The effects on democracy are very important to consider when thinking about how to make the changes needed to reverse the trend of increasing SE inequity. Money is power, so those with plenty of resources can heavily influence governmental and corporate policies in their favour so that they keep and enhance their wealth. Hence we slowly see a well-functioning democracy and market economy replaced by a plutocracy/oligarchy. In recent times this has resulted in the widespread implementation of so-called ‘neoliberal’ economic policies that are contributing to increasing inequality (more discussion below).

The environment also suffers from the differential political power stemming from an increasingly inequitable distribution of wealth. As governments deregulate and corporations pursue ever increasing profits, natural resources are depleted and pollution (including greenhouse gases and therefore global warming) increases.

And SE inequality has huge effects on population health. Statistics Canada estimates that income inequality accounts for 40,000 premature deaths per year in Canada. In the US where income inequality is considerably worse than in Canada, the life expectancy of the white, non-Hispanic middle class is dropping for the first time after most of a century of steady increases. The causes of death are often the ‘diseases of despair’ (suicide, opioid overdoses, alcohol, tobacco, violence).

And health inequalities are on the rise in Canada with respect to unhealthy lifestyles. The rates of smoking tobacco, poor diets, lack of physical activity, stress and obesity are becoming ever higher among those of low SE status.

And we see the consequences on a daily basis: more precarious employment at below poverty levels, unaffordable housing, increasing numbers of homeless people sleeping on our sidewalks, epidemics of opioid overdose deaths across the province and the country.

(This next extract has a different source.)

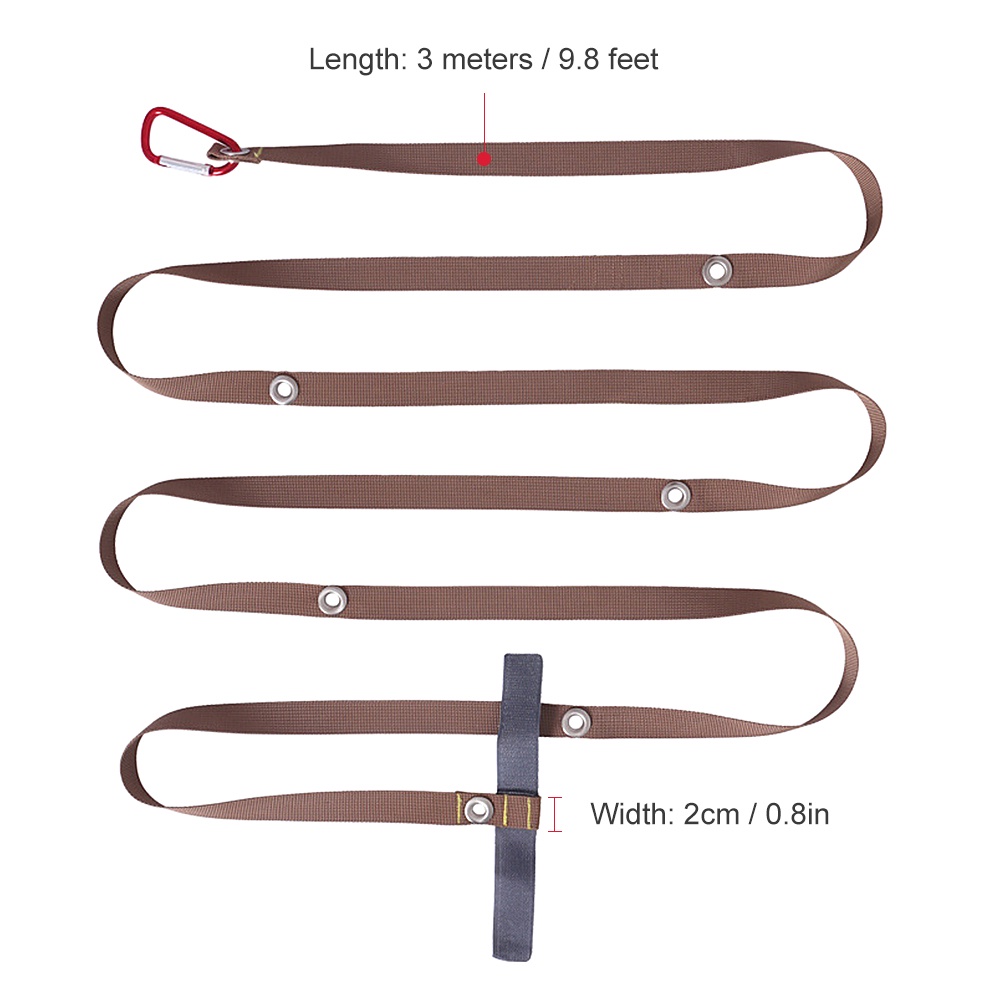 Premium Must 【KOKOMO】Outdoor Camping Tent Wind Rope Durable Nylon Multifunctional Buckle Adjustable Laundry Hangi... - Image 5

The reasons for these alarming changes in our society are now well known. They include (among others):

  • The changing economy: the economy has shifted from one driven by resource extraction and manufacturing, retailing and services, to one dominated by financialization and IT. And in the financial sector (banks, insurance, investment) and IT (software, hardware, etc.) the remuneration for top executives has skyrocketed compared to entry level employees or other sectors.
  • Automation, artificial intelligence and robotization are eliminating many low –skill jobs.
  • Offshoring: many companies, pursuing better profits, have moved manufacturing jobs to China, Mexico and other countries with more ‘attractive’ tax and labour policies.
  • The acceptance by many politicians, policy makers and the public of a ‘Neoliberal’ ideology: this is an ideology advanced notably by Milton Friedman and Friedrich Hayek in the US, and others including a number of well-funded ‘think tanks’ and implemented by Ronald Reagan and Margaret Thatcher and some of their successors (including the current Liberal government in BC). Neoliberalism promotes the notion of Adam Smith’s economic ‘invisible hand’: a free (liberal) market where a well- informed public is free to make rational choices as to how they spend their money on products and services so that the economy will flourish and grow, wealth will be created and theoretically ‘trickle down’ to even the poorest so that poverty will not exist and there will be an equitable sharing of overall wealth. This neoliberal ideology promotes smaller (more business friendly) government, lower personal and corporate taxes, deregulation, balanced budgets, fewer public services and privatization of services such as education, health care, prisons, libraries, garbage collection, etc. It is an ideology that has now been shown empirically to be ineffective and unfair. And economists such as Thomas Piketty have shown that an unrestrained free market economy will inevitably lead to an ever increasing concentration of wealth among the elite.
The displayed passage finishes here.